Simple: a default include directory is /usr/local/include. That directory doesn't contain mysql.h but it does have a subdirectory mysql which contains the right file. So you're simply telling the system to look in that subdirectory.


----------



## SomeWG (Nov 18, 2018)

But I used : `-L/usr/local/lib/mysql` on command line
And their is no further mysql sub-directory after that. But it still requires and works with `mysql/mysql.h`


----------



## DavidMarec (Nov 18, 2018)

SomeWG said:


> But I used : `-L/usr/local/lib/mysql` on command line
> And their is no further mysql sub-directory after that. But it still requires and works with `mysql/mysql.h`



"-L" stands for Libraries link path, where to find additional libraries.
if you wand to add  "_includes path_" , where to find files included with "#include <somefile.h>", use "-I".

`david:~>cat mysql.c 
#include <stdio.h>
#include <mysql.h>

int main(){
    printf("mysql client version: %s\n", mysql_get_client_info());
}

david:~>cc mysql.c -I/usr/local/include/mysql -lmysqlclient -L/usr/local/lib/mysql
david:~>./a.out
mysql client version: 5.6.41`


----------



## SomeWG (Nov 18, 2018)

DavidMarec
so in essence, how does that explain the difference between "mysql/mysql.h" working and "mysql.h" not working?


----------



## DavidMarec (Nov 18, 2018)

SomeWG said:


> DavidMarec
> so in essence, how does that explain the difference between "mysql/mysql.h" working and "mysql.h" not working?

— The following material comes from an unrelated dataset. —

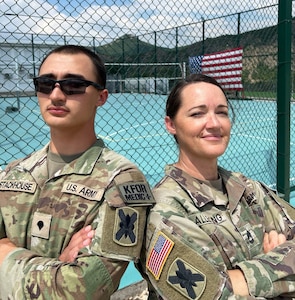 Sgt. 1st Class Tresa Allemang and her son, Cpl. Aiden Stackhouse, assigned to the 256th Infantry Brigade Combat Team, are serving together on the NATO-led KFOR mission in Kosovo. The mother and son have the opportunity to share a common dream of serving side by side on the same mission.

Have a look to shelLuser' answer.

That means that /usr/local/include is somehow defined as a default path for include files, within the toolchain you are using.
This is not the case by default on a fresh installed FreeBSD, however (clang).


You should start using a MakeFile; see the  porters handbook for details about dependencies; or ask pkg-config manually.

To followup on my previous message, "-I" is required by the compiler as  "-L/l" is required by the linker. Both jobs are different, despite they are performed by the same tool.


----------